The success story of Grimoldi’s oversized Swiss-made watches began a year ago when actress Carol Alt purchased one. Designed by Giorgio Grimoldi, one of Anselmo’s four children, the brand sold 5,000 units in one year, forcing the family to turn down requests so as not to compromise the quality. The U.S turned out to be fertile turf for Grimoldi’s watches, now available at Saks Fifth Avenue, Neiman Marcus, London Jewelers and Tourneau.
Produced in three sizes, the watches are inspired by the natural surfs and corals of Mexico and feature a self-winding movement, a screw-down crown for water resistance and crocodile straps.
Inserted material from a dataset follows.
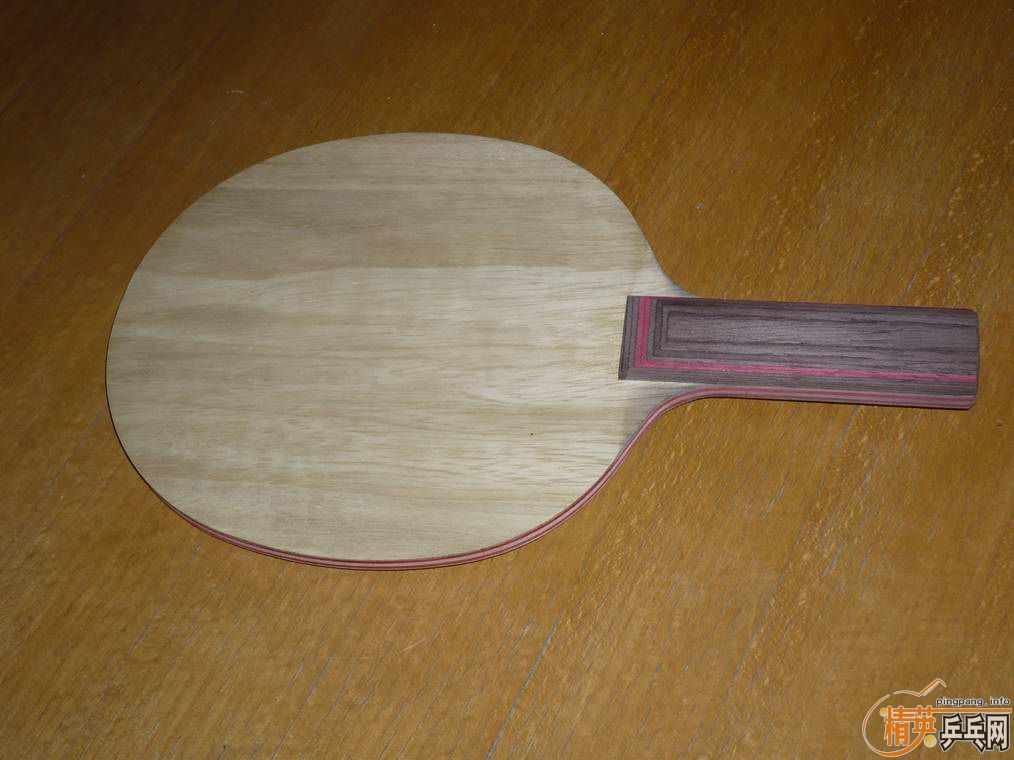 95����st����90��cl����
The face has Arabian numbers and leaf-shaped hands, and the retail price tag is $1,850.
Nature inspired Locman, an Italian watch company that made a splash on the watch scene in the mid-Nineties with timepieces carved from briarwood, typical of the Isle of Elba, off the Tuscan coast, where the company is headquartered. The bold squared-off cases, avant-garde materials and affordable prices quickly catapulted Locman into the watch stratosphere with an annual production of 300,000 pieces that translated into $60 million in sales this year.
To monitor its 400 U.S. retail accounts, which include Neiman Marcus, Bergdorf Goodman, Mayor’s Jewelers and London Jewelers, Locman has established subsidiaries in Los Angeles and New York.
The retail price list spans from about $290 for the basic Tonneau style in aluminum to a maximum of $6,000 for one timepiece with three carats of brilliant-cut diamonds. The company is now researching ways to develop titanium.
Ritmo Mundo, meanwhile, is now sold in about 50 stores in the U.S, including some Saks locations and Hyde Jewelers. With prices between $900 and $1,200, Ritmo offers fashionable styles that don’t break the bank. The collections are made in stainless steel with colored straps and the case shapes include rectangular and oval styles.
Soltani, who is based in Beverly Hills, although the watches are made in Italy, said he has invested heavily in marketing and advertising, and since he is located in Los Angeles, he has worked with celebrities and stylists and is also pursuing product placement in movies. In addition, he is building his international distribution and the brand is now sold in 10 countries, including South Korea, Germany and Kuwait.
“We are not a fad,” Soltani said. “There are a lot of watches in the market now, but we feel we are here for the long term.”